Howard Schultz was never going to be able to avoid what happened in that Philadelphia Starbucks. Over the past two nights, the billionaire former coffee chain chairman has been asked about the arrests of two African-American businessmen, Rashon Nelson and Donte Robinson, in a Center City Starbucks last April, and event that led to a national conversation about racial profiling. Shortly before he left the company, Schultz ordered every single Starbucks in America to undergo racial-bias training on account of the incident. However, these past two nights, he has incorrectly described what happened.
“In a matter of minutes, a verbal problem occurred,” Schultz told his Philadelphia audience on Wednesday, echoing what he said on CNN the night before. “And she decided that she felt a threat, and she called 911.”

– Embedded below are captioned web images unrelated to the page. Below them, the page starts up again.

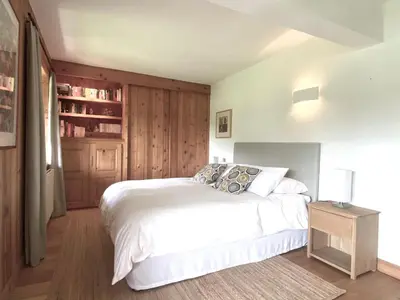 a bedroom with a white bed and a book shelf at Ferme Vauvray in Megève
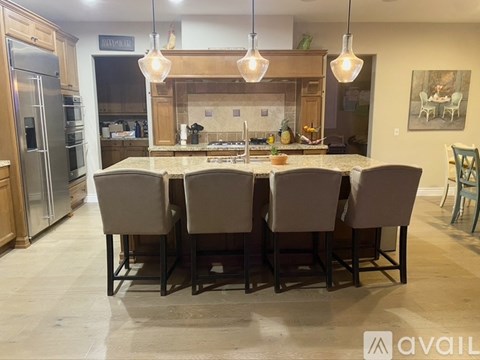 A kitchen with a table and chairs in the foreground and a painting on the wall in the background.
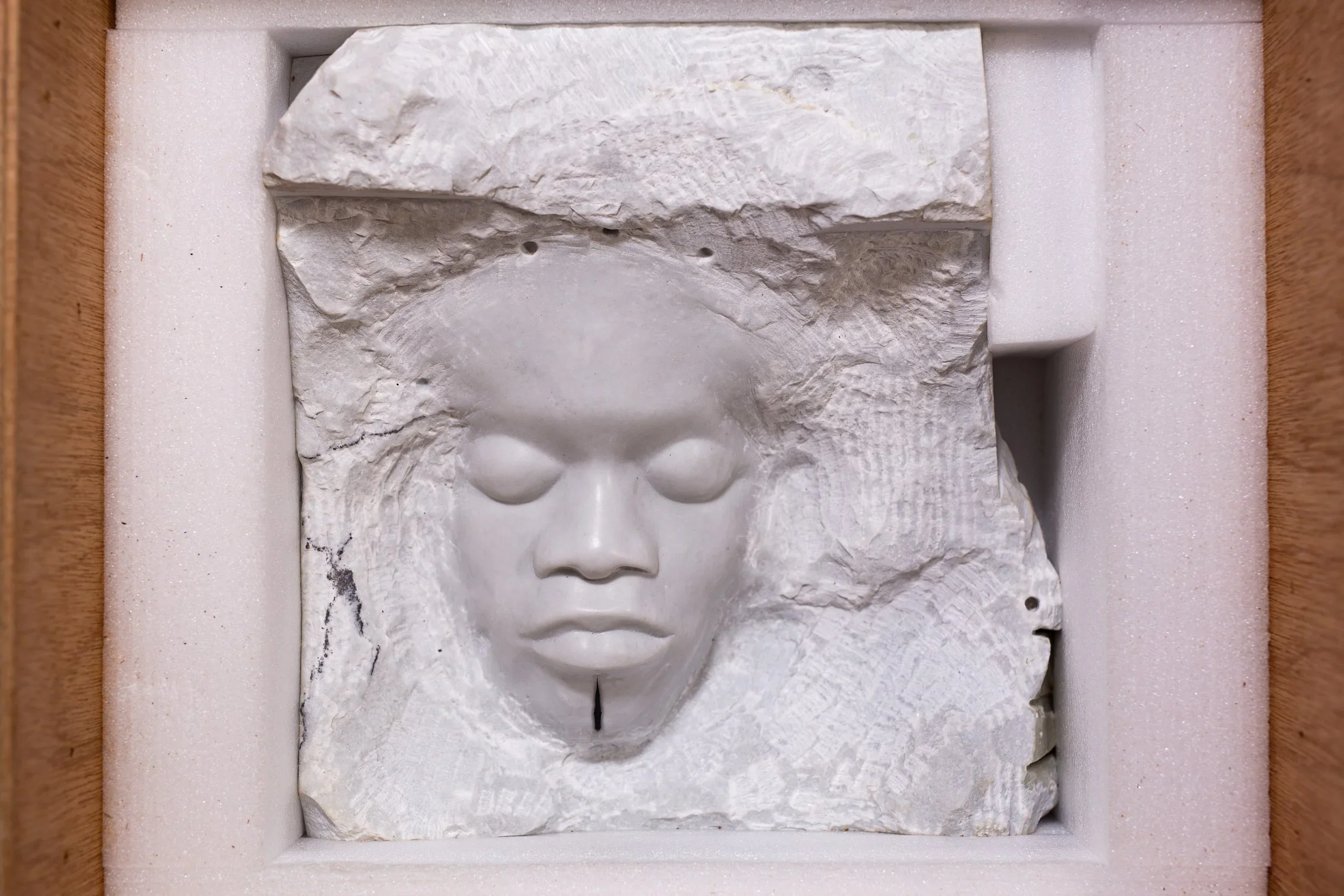 HAMZAT INCORPORATED
black face white stone
marble
12 x 11 x 5 inches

But town hall attendee Melissa DePino, who captured video of the event, countered Schultz. “You are not describing the incident accurately and the way you are describing it is perpetuating the problem,” DePino said, according to AP. “And I know you want to be part of the solution and I hope you will be, but when you say there were words between the two of them, and she felt threatened, that didn’t happen. I saw it with my own two eyes. I was there.”
Schultz pivoted, asserting that the white manager admitted to him that she “probably” wouldn’t have called 9-1-1 had the two businessmen been white. But we knew that already. The true headline is that Schultz, who is currently in the midst of a boring book tour disguised as a hopeless independent presidential campaign, added a false undertone of black male aggression to the story for some unknown reason, essentially justifying the manager’s decision to profile.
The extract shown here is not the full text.